DOOH may be the only media channel where multiple agencies routinely represent the same property to ad buyers. It doesn’t happen in the traditional media, or on the web. It doesn’t happen because it does not make much sense to have it happen. Here’s why:
1. Media buyers don’t hide their intent to launch campaigns. In most cases, all players in the industry “see” the larger opportunities out there. Whether they capture them or not relates to how they position and price their offering(s). So having multiple agencies does not mean missing any big deals.
2. Having multiple selling agents only serves to confuse the buyers, and often results in different pitches, pricing, or terms. When this happens, buyers don’t know what to believe. With all the options open to them, they often opt for the less confusing route. We have already heard about this happening in DOOH.
3. Exclusive relationships force the agency to either perform or risk losing the account. Competitive pressure makes everyone better.
Digital signage networks are finally reaching the point where the viable properties are beginning to see consistent and growing demand for their ad inventory. At the same time, there is tremendous competition for those dollars both from other networks and from other media channels. To the extent that ad buyers are confused or irritated by mixed messages and repetitive pitches, they are quite likely to look elsewhere: in DOOH and beyond. Reality is that you will lose deals by having multiple outside reps. To make matters worse, because some ad sales agencies play games with pricing in an effort to differentiate… some selling at established rate card, some above, some below, you can bet that buyers who want a network in their campaign will force the buy through the low bidder. This only has the effect of driving overall CPM rates downward. And that carries over to other buys. You have enough competitors: it is not wise to add yourself to the list.

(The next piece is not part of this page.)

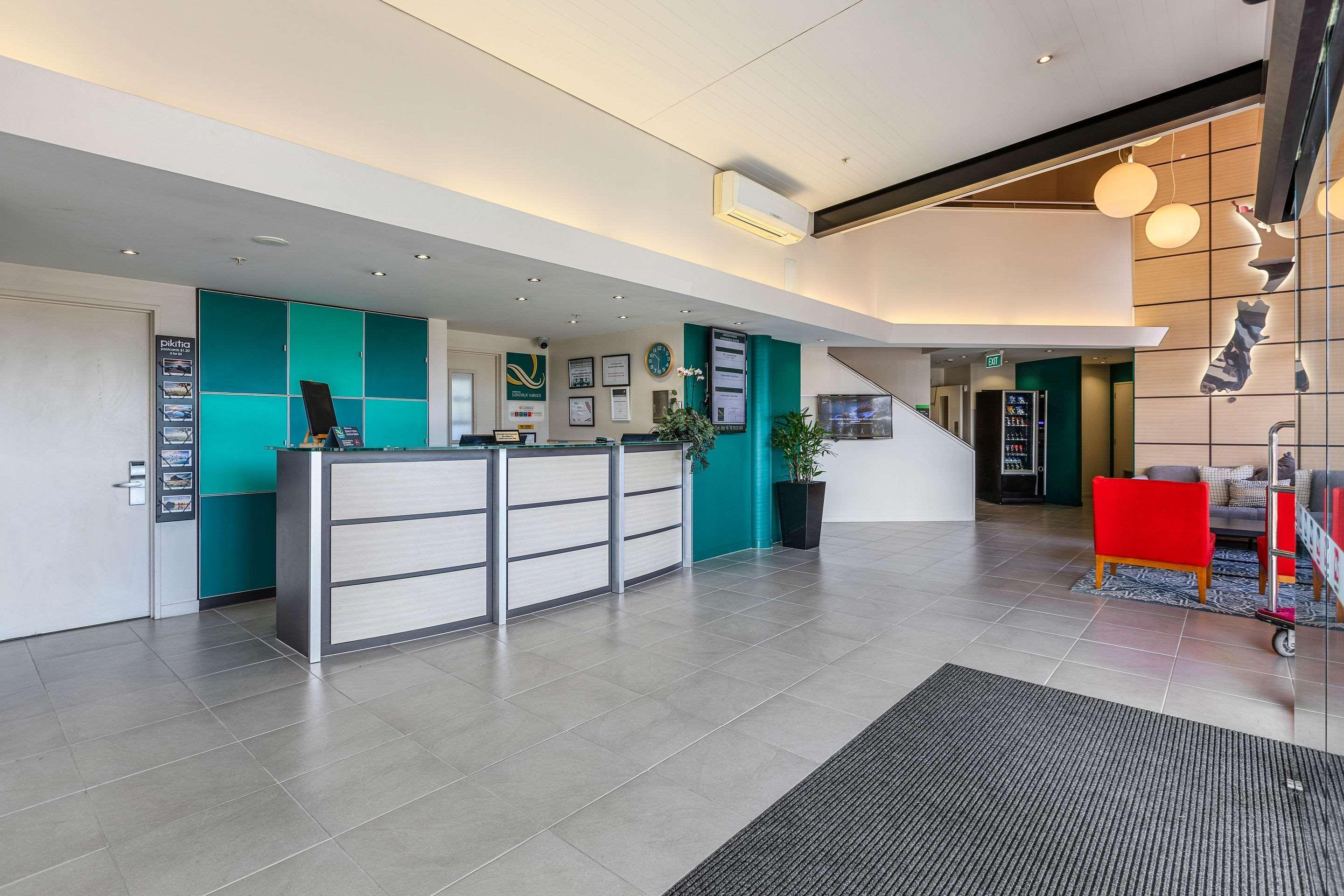 Quality Hotel Lincoln Green Auckland Exterior photo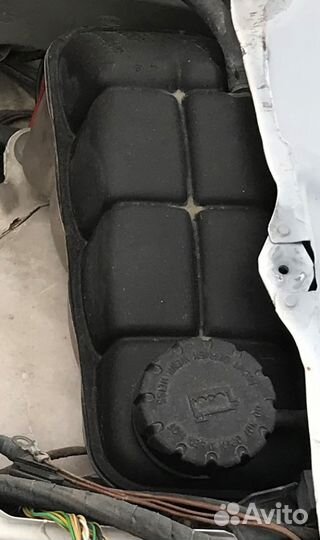 Бачок расширительный Mercedes W210 E-Class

Agencies and aggregators know that the end game will include exclusive arrangements between a network and one outside agency, as it is in other channels. Having talked with several agency types, as well as with folks on the buy side, none are particularly worked up about the prospect of rationalization and consolidation. The selling agencies would rather focus on core properties without the noise of their competitors. Buyers want to have one avenue of access to a given network or group of networks. When the friction of multiple pitches is removed, the selling process will be smoother and easier. And that begets relationships, frequency and higher rates over time.
This, then, is a call to all digital signage network owners out there. If you have multiple agencies and aggregators representing you on the sell side, the time to select ONE is now. The reasons for doing so are quite real, and have spillover effects beyond an individual network to the entire industry. Your pitch and price structure will be consistent. Your ability to build a relationship with brands will be enhanced. Your reporting requirements will not be all over the board. Your ability to judge the actual performance of your agency will be enhanced. You won’t be left out of large buys for lack of exposure. And buyers will find it easier to buy. Make your decision on whatever parameter you think is best for you: past performance, cost, reputation, understanding of your segment and personal relationships all matter. If for some reason you believe that selling is a function best managed by technology and not people, then you can choose the owner of the “best” technology, and good luck with that.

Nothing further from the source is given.